Надо сказать, что называемые Тацитом цифры все же представляются несуразными. Непонятно, откуда в Средиземном море близ италийских берегов мог образоваться тайфун, ибо только такой природный катаклизм мог бы потопить двести кораблей разом. И уж совсем загадочен пожар, возникающий одновременно на ста (!) подряд кораблях зернового каравана.

Наверное, какие-то корабли могли действительно затонуть, на борту какого-то судна мог вспыхнуть и пожар. Недопоставка зерна в Рим вполне могла иметь место, но то, что она совсем не носила катастрофического характера, вполне очевидно.
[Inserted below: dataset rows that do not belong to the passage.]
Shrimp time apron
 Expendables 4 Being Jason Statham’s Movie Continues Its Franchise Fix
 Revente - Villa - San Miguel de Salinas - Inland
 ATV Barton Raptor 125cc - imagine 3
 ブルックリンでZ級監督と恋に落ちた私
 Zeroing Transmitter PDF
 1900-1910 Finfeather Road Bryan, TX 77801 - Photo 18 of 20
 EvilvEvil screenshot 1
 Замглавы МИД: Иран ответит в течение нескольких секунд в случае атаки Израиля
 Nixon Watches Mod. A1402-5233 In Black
Накопленные запасы в Риме были очень велики и хранились в огромном количестве так долго, что Нерону даже пришлось распорядиться уничтожить, сбросив в Тибр испортившиеся от длительного хранения запасы зерна. Оставшихся запасов хватало настолько, что удалось даже удержать прежние цены на зерно. Дабы народ знал, что власть постоянно заботиться о благополучии государства и народа, Нерон назначил трех бывших консулов ведать сбором налогов в государственную казну. Назначение триумвиратом ответственных налогосборщиков Нерон сопроводил заявлением, что предшествующие ему принцепсы в своих непомерных тратах не знали границ, и потому их расходы превышали доходы государства от собираемых налогов. Нерон не только не уподобляется им, но, наоборот, жертвует из своей личной казны ежегодно государству шестьдесят миллионов сестерциев.

Римляне могли спать спокойно, ибо их благоденствие находилось в надежных руках. Невольно, правда, закрадывается мысль: а не была ли неслыханная щедрость принцепса следствием того, что в его руках сосредоточились огромные состояния тех, кто погиб согласно его распоряжениям? Вспоминается и тетушка Домиция, и богатства Палланта… Все это, конечно, недоказуемо, но не задуматься над таким источником несметных сокровищ принцепса, позволяющим ему щедро подпитывать государственную казну, нельзя.

Демонстрируемое императором великодушие, объявленное через Сенеку стремление к искреннему примирению, возможно, и вдохновили Тразею Пета на очередную инициативу в сенате. Инициатива эта была выдержана в классическом староримском духе и ее должны были приветственно встретить сторонники сохранения и умножения достойных традиций предков.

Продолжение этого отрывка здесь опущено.